(Web page caption snippets)
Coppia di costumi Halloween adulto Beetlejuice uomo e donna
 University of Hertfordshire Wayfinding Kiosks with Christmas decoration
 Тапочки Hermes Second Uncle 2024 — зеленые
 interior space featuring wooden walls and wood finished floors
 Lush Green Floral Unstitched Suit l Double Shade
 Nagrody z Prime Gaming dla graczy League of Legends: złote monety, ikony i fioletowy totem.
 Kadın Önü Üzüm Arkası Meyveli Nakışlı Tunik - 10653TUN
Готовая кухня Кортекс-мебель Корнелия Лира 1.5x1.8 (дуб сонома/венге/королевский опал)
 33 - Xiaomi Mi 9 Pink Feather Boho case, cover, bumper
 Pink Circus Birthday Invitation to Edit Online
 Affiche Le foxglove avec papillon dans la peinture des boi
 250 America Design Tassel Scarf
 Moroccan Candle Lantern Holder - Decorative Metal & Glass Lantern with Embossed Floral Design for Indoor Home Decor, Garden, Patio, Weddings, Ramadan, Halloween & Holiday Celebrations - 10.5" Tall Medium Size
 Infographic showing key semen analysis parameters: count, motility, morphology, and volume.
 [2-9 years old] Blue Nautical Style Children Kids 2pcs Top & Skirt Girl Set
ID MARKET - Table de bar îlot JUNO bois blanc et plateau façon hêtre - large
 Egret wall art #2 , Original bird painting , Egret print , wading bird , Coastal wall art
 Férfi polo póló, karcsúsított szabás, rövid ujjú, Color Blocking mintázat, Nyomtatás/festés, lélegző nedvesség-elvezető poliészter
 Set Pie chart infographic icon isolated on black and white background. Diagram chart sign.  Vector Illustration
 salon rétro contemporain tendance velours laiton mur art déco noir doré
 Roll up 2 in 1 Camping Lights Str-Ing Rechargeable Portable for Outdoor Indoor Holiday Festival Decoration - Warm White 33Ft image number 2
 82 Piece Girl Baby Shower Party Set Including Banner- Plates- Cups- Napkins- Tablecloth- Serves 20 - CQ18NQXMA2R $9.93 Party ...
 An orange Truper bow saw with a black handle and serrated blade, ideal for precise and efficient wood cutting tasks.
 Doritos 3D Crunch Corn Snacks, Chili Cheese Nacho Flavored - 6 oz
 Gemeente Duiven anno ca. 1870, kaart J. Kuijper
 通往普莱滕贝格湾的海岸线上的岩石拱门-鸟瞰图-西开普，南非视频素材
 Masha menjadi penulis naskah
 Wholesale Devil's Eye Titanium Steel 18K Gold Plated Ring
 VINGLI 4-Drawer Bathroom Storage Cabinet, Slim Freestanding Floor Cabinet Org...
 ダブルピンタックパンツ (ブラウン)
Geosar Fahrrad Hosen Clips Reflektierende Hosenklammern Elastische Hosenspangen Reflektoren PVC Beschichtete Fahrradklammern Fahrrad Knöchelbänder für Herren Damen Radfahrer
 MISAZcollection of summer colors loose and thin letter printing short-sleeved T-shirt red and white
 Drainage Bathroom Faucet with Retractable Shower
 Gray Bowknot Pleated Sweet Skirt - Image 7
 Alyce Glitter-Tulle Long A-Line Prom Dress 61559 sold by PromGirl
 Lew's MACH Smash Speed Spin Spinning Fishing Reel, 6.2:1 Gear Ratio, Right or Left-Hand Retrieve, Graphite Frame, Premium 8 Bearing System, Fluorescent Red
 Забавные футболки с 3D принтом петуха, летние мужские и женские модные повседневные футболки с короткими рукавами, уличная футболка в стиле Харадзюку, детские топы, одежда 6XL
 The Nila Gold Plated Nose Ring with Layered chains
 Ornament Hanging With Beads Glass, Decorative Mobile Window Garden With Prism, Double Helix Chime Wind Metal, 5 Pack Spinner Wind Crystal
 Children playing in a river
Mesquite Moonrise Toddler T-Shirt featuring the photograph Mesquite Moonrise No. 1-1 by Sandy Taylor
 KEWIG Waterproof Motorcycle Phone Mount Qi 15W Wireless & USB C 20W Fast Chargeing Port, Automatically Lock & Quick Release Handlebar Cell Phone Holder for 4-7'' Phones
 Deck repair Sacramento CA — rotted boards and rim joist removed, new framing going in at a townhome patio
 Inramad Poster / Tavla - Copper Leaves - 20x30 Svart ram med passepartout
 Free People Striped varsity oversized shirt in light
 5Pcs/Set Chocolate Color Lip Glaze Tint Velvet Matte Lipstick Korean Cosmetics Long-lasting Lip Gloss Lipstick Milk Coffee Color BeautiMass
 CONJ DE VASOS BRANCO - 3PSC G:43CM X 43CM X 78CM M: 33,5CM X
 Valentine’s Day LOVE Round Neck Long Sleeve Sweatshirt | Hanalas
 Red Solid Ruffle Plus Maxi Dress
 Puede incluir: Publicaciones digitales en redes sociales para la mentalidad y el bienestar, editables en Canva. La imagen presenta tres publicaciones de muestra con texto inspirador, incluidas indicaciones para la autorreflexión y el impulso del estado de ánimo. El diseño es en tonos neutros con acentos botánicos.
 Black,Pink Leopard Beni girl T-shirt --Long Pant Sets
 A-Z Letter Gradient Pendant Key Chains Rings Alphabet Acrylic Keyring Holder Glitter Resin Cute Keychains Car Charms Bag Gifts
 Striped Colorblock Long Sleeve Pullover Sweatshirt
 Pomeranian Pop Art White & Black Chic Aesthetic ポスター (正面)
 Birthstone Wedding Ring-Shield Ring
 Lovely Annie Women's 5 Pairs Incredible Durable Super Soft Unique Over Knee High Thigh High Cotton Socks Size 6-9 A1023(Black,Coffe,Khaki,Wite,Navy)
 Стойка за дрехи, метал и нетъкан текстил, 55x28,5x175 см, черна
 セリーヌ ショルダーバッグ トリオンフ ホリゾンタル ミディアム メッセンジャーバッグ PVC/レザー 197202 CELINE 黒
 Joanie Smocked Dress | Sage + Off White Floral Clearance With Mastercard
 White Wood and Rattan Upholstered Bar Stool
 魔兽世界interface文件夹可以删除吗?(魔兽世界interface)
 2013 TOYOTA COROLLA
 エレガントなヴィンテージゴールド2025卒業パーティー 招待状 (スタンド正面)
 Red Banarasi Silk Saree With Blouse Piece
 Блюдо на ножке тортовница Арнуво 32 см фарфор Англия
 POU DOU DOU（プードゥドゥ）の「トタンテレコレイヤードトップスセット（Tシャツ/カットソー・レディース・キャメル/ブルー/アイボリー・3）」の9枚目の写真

### ACTION ITEM:
The records above are to be repeated exactly, in their entirety.

### ANSWER TO THIS PROBLEM:
Coppia di costumi Halloween adulto Beetlejuice uomo e donna
 University of Hertfordshire Wayfinding Kiosks with Christmas decoration
 Тапочки Hermes Second Uncle 2024 — зеленые
 interior space featuring wooden walls and wood finished floors
 Lush Green Floral Unstitched Suit l Double Shade
 Nagrody z Prime Gaming dla graczy League of Legends: złote monety, ikony i fioletowy totem.
 Kadın Önü Üzüm Arkası Meyveli Nakışlı Tunik - 10653TUN
Готовая кухня Кортекс-мебель Корнелия Лира 1.5x1.8 (дуб сонома/венге/королевский опал)
 33 - Xiaomi Mi 9 Pink Feather Boho case, cover, bumper
 Pink Circus Birthday Invitation to Edit Online
 Affiche Le foxglove avec papillon dans la peinture des boi
 250 America Design Tassel Scarf
 Moroccan Candle Lantern Holder - Decorative Metal & Glass Lantern with Embossed Floral Design for Indoor Home Decor, Garden, Patio, Weddings, Ramadan, Halloween & Holiday Celebrations - 10.5" Tall Medium Size
 Infographic showing key semen analysis parameters: count, motility, morphology, and volume.
 [2-9 years old] Blue Nautical Style Children Kids 2pcs Top & Skirt Girl Set
ID MARKET - Table de bar îlot JUNO bois blanc et plateau façon hêtre - large
 Egret wall art #2 , Original bird painting , Egret print , wading bird , Coastal wall art
 Férfi polo póló, karcsúsított szabás, rövid ujjú, Color Blocking mintázat, Nyomtatás/festés, lélegző nedvesség-elvezető poliészter
 Set Pie chart infographic icon isolated on black and white background. Diagram chart sign.  Vector Illustration
 salon rétro contemporain tendance velours laiton mur art déco noir doré
 Roll up 2 in 1 Camping Lights Str-Ing Rechargeable Portable for Outdoor Indoor Holiday Festival Decoration - Warm White 33Ft image number 2
 82 Piece Girl Baby Shower Party Set Including Banner- Plates- Cups- Napkins- Tablecloth- Serves 20 - CQ18NQXMA2R $9.93 Party ...
 An orange Truper bow saw with a black handle and serrated blade, ideal for precise and efficient wood cutting tasks.
 Doritos 3D Crunch Corn Snacks, Chili Cheese Nacho Flavored - 6 oz
 Gemeente Duiven anno ca. 1870, kaart J. Kuijper
 通往普莱滕贝格湾的海岸线上的岩石拱门-鸟瞰图-西开普，南非视频素材
 Masha menjadi penulis naskah
 Wholesale Devil's Eye Titanium Steel 18K Gold Plated Ring
 VINGLI 4-Drawer Bathroom Storage Cabinet, Slim Freestanding Floor Cabinet Org...
 ダブルピンタックパンツ (ブラウン)
Geosar Fahrrad Hosen Clips Reflektierende Hosenklammern Elastische Hosenspangen Reflektoren PVC Beschichtete Fahrradklammern Fahrrad Knöchelbänder für Herren Damen Radfahrer
 MISAZcollection of summer colors loose and thin letter printing short-sleeved T-shirt red and white
 Drainage Bathroom Faucet with Retractable Shower
 Gray Bowknot Pleated Sweet Skirt - Image 7
 Alyce Glitter-Tulle Long A-Line Prom Dress 61559 sold by PromGirl
 Lew's MACH Smash Speed Spin Spinning Fishing Reel, 6.2:1 Gear Ratio, Right or Left-Hand Retrieve, Graphite Frame, Premium 8 Bearing System, Fluorescent Red
 Забавные футболки с 3D принтом петуха, летние мужские и женские модные повседневные футболки с короткими рукавами, уличная футболка в стиле Харадзюку, детские топы, одежда 6XL
 The Nila Gold Plated Nose Ring with Layered chains
 Ornament Hanging With Beads Glass, Decorative Mobile Window Garden With Prism, Double Helix Chime Wind Metal, 5 Pack Spinner Wind Crystal
 Children playing in a river
Mesquite Moonrise Toddler T-Shirt featuring the photograph Mesquite Moonrise No. 1-1 by Sandy Taylor
 KEWIG Waterproof Motorcycle Phone Mount Qi 15W Wireless & USB C 20W Fast Chargeing Port, Automatically Lock & Quick Release Handlebar Cell Phone Holder for 4-7'' Phones
 Deck repair Sacramento CA — rotted boards and rim joist removed, new framing going in at a townhome patio
 Inramad Poster / Tavla - Copper Leaves - 20x30 Svart ram med passepartout
 Free People Striped varsity oversized shirt in light
 5Pcs/Set Chocolate Color Lip Glaze Tint Velvet Matte Lipstick Korean Cosmetics Long-lasting Lip Gloss Lipstick Milk Coffee Color BeautiMass
 CONJ DE VASOS BRANCO - 3PSC G:43CM X 43CM X 78CM M: 33,5CM X
 Valentine’s Day LOVE Round Neck Long Sleeve Sweatshirt | Hanalas
 Red Solid Ruffle Plus Maxi Dress
 Puede incluir: Publicaciones digitales en redes sociales para la mentalidad y el bienestar, editables en Canva. La imagen presenta tres publicaciones de muestra con texto inspirador, incluidas indicaciones para la autorreflexión y el impulso del estado de ánimo. El diseño es en tonos neutros con acentos botánicos.
 Black,Pink Leopard Beni girl T-shirt --Long Pant Sets
 A-Z Letter Gradient Pendant Key Chains Rings Alphabet Acrylic Keyring Holder Glitter Resin Cute Keychains Car Charms Bag Gifts
 Striped Colorblock Long Sleeve Pullover Sweatshirt
 Pomeranian Pop Art White & Black Chic Aesthetic ポスター (正面)
 Birthstone Wedding Ring-Shield Ring
 Lovely Annie Women's 5 Pairs Incredible Durable Super Soft Unique Over Knee High Thigh High Cotton Socks Size 6-9 A1023(Black,Coffe,Khaki,Wite,Navy)
 Стойка за дрехи, метал и нетъкан текстил, 55x28,5x175 см, черна
 セリーヌ ショルダーバッグ トリオンフ ホリゾンタル ミディアム メッセンジャーバッグ PVC/レザー 197202 CELINE 黒
 Joanie Smocked Dress | Sage + Off White Floral Clearance With Mastercard
 White Wood and Rattan Upholstered Bar Stool
 魔兽世界interface文件夹可以删除吗?(魔兽世界interface)
 2013 TOYOTA COROLLA
 エレガントなヴィンテージゴールド2025卒業パーティー 招待状 (スタンド正面)
 Red Banarasi Silk Saree With Blouse Piece
 Блюдо на ножке тортовница Арнуво 32 см фарфор Англия
 POU DOU DOU（プードゥドゥ）の「トタンテレコレイヤードトップスセット（Tシャツ/カットソー・レディース・キャメル/ブルー/アイボリー・3）」の9枚目の写真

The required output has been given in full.